Since the Bank of England was founded in 1694, interest rates have never been lower than 2 per cent. This decision has been taken in an effort to stop the UK from sliding into an economic recession.
Data received this week has only shed gloomy light on the situation as the Halifax has shown house prices have dropped by 2.6 percent – good news for some but bad news for many – and manufacturing and services surveys have shown their industries are feeling the pinch too.
We are seeing several large retail chains like MFI, The Pier furniture store and even Woolworths falling into administration as they failed to safeguard themselves against economic tides such as this.
Economists will surely welcome the news of an interest rate cut from the Bank of England.
Hetal Mehta, Senior Economist from the Ernst & Young ITEM Club, said: “You could almost hear the sigh of relief up and down the country when the Bank of England’s Monetary Policy Committee announced a 100 basis point cut in the base rate. As was the case last month, it was almost certain that interest rates would be slashed, but the big question was by how much. ITEM believes that the MPC was right to cut the base rate of interest to 2 per cent – anything less would have been a missed opportunity.”
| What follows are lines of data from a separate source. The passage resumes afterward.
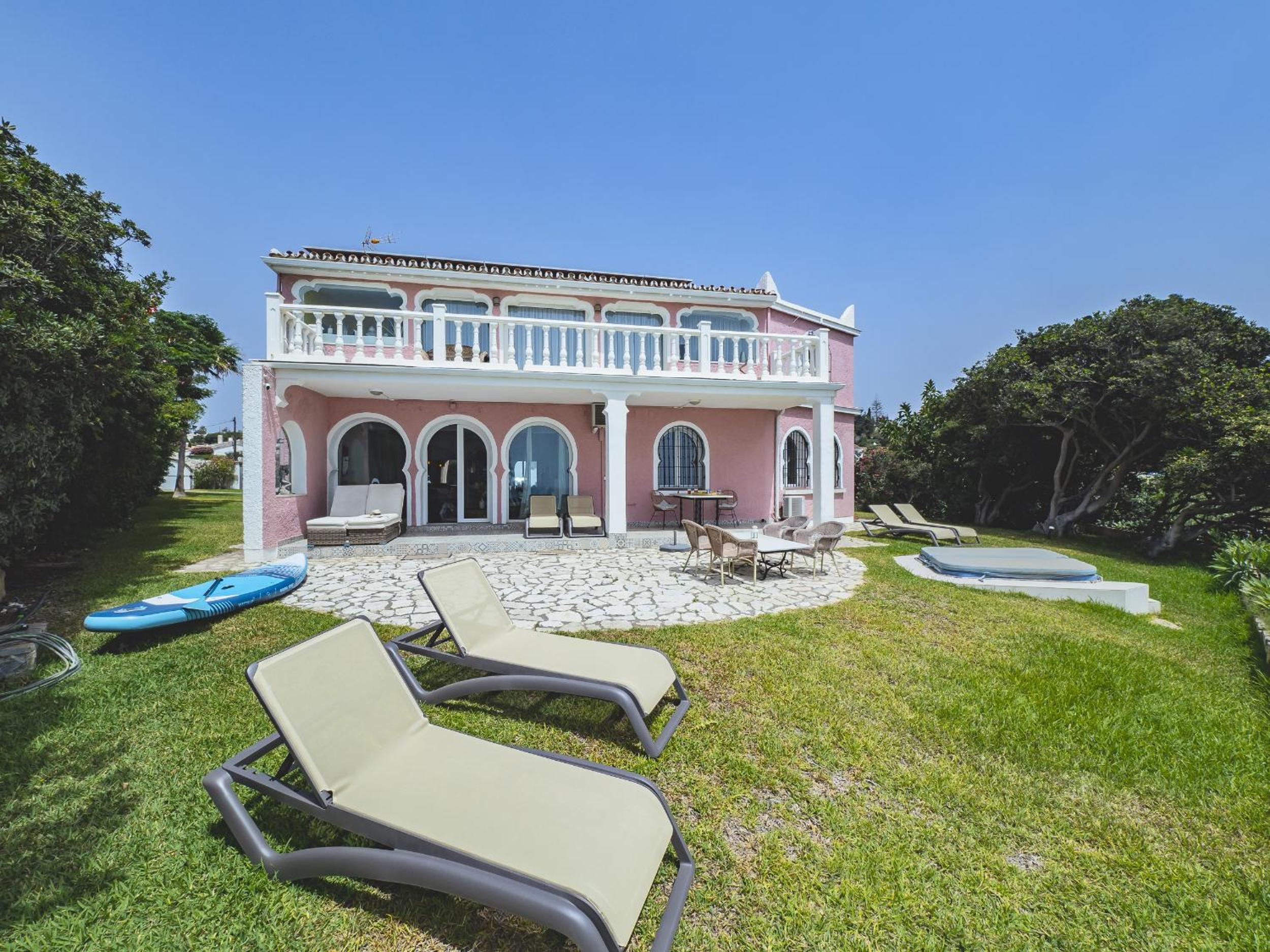 Cubo's Beachfront Villa Khayyam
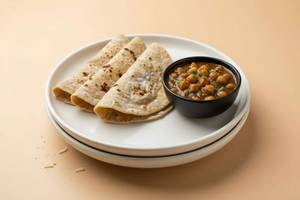 3 Tawa Roti with Chana Masala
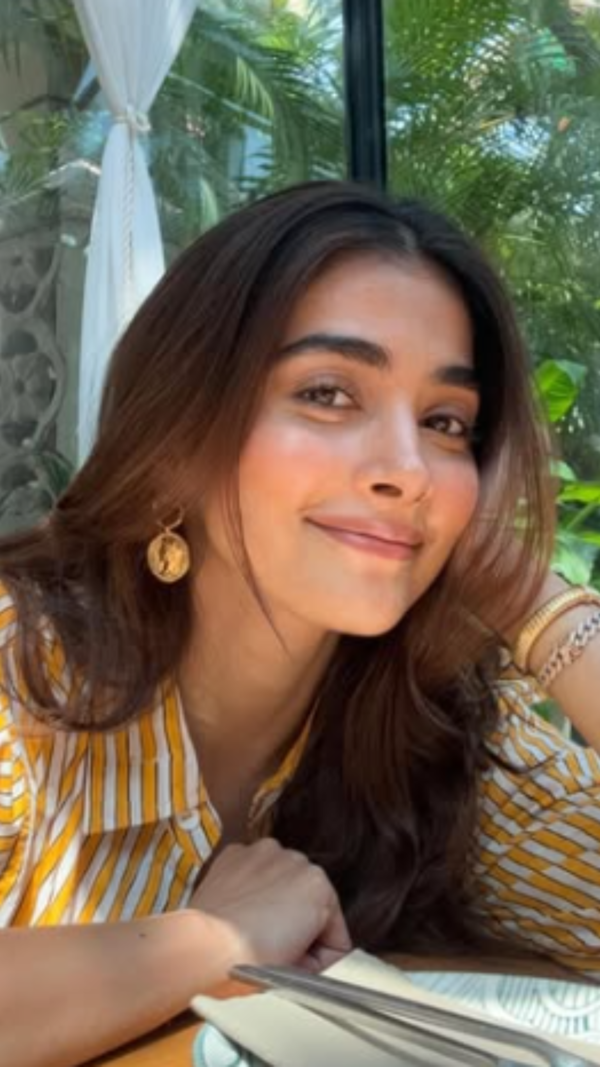 Pooja Hegde Pictures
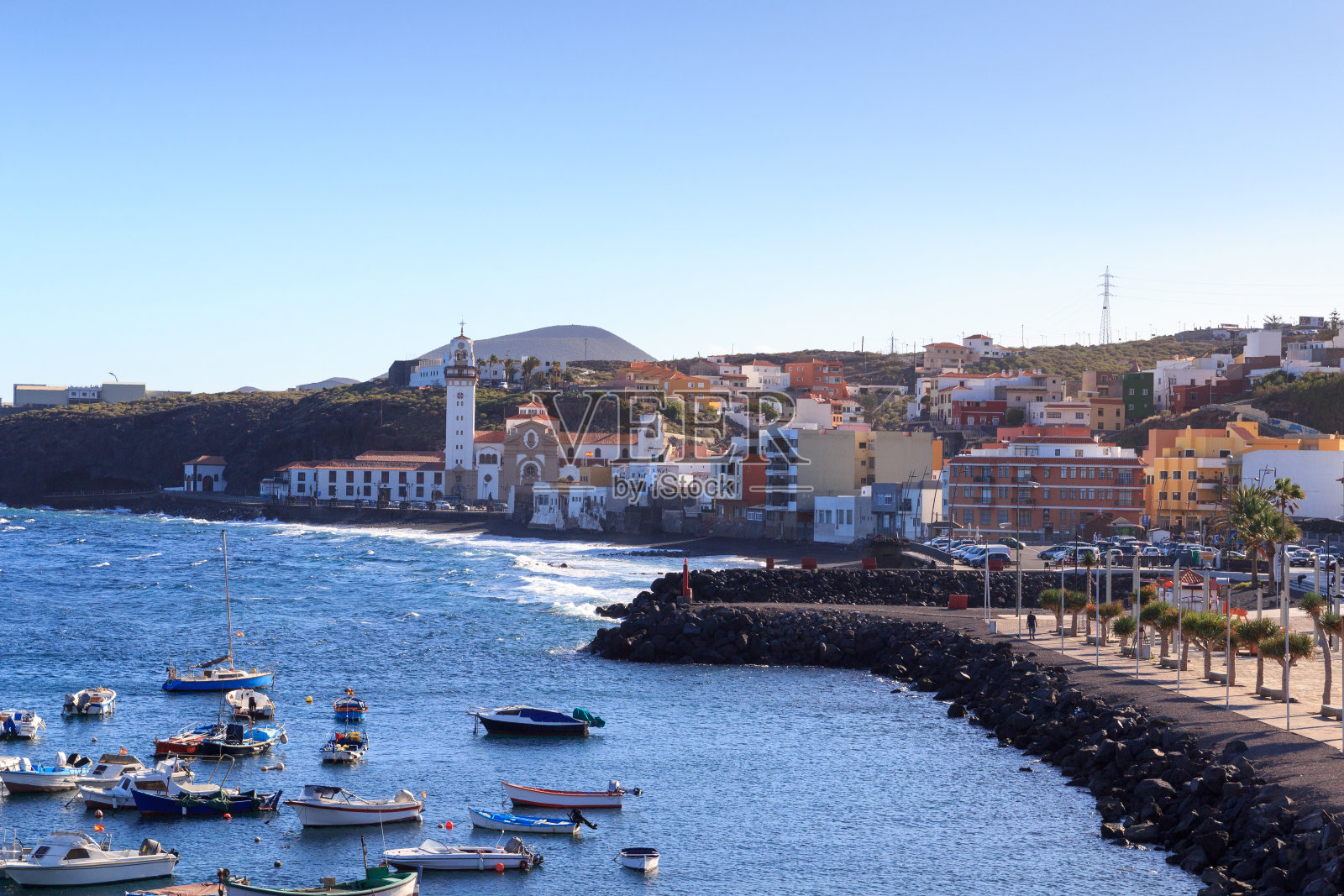 海岸线和港口小镇坎德拉里亚全景与大西洋加那利岛特内里费,西班牙照片摄影图片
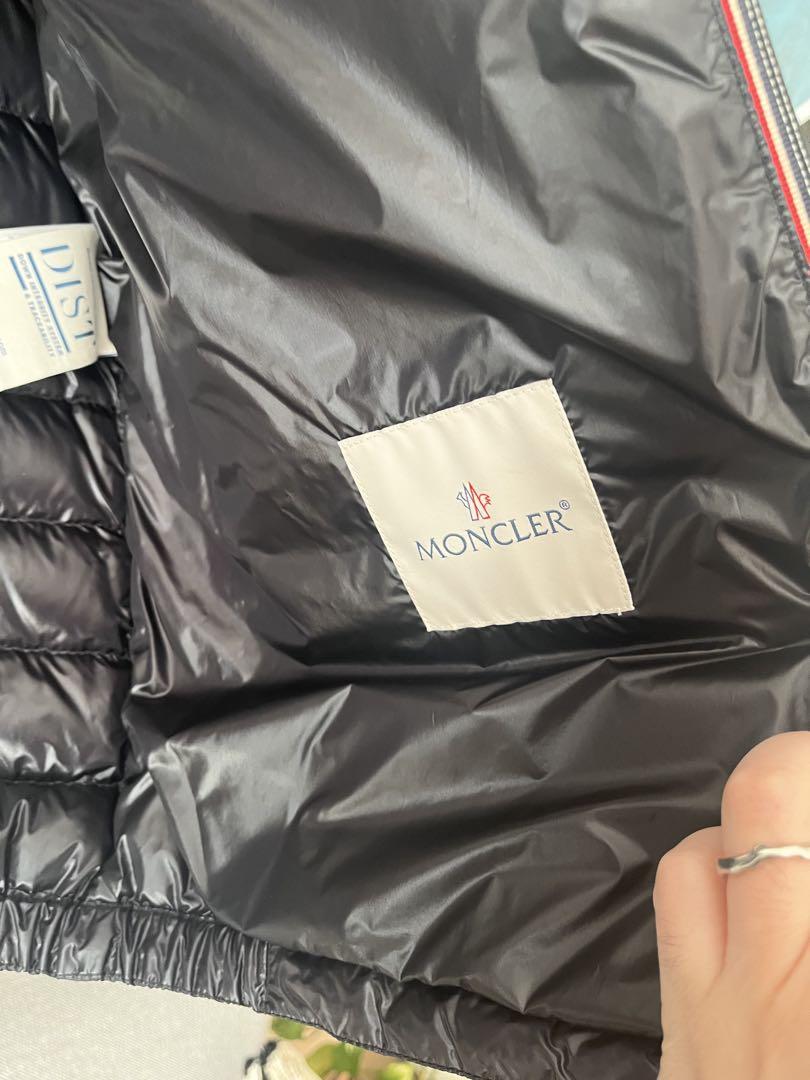 Moncler ブラック ライトダウンジャケット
Those on variable or tracker rate mortgages will definitely be breathing a sigh of relief as this interest cut could save £200 per month on a £200,000 repayment mortgage and even more on an interest only mortgage. Mortgage lenders also appear to be getting behind the move as the Halifax has announced it is scrapping all collars on its mortgages, which normally mean the lender would not have to pass on a rate cut taking interest so low, and Lloyds TSB has also announced it will pass on the full interest rate cut.
Let’s hope more mortgage lenders follow suit.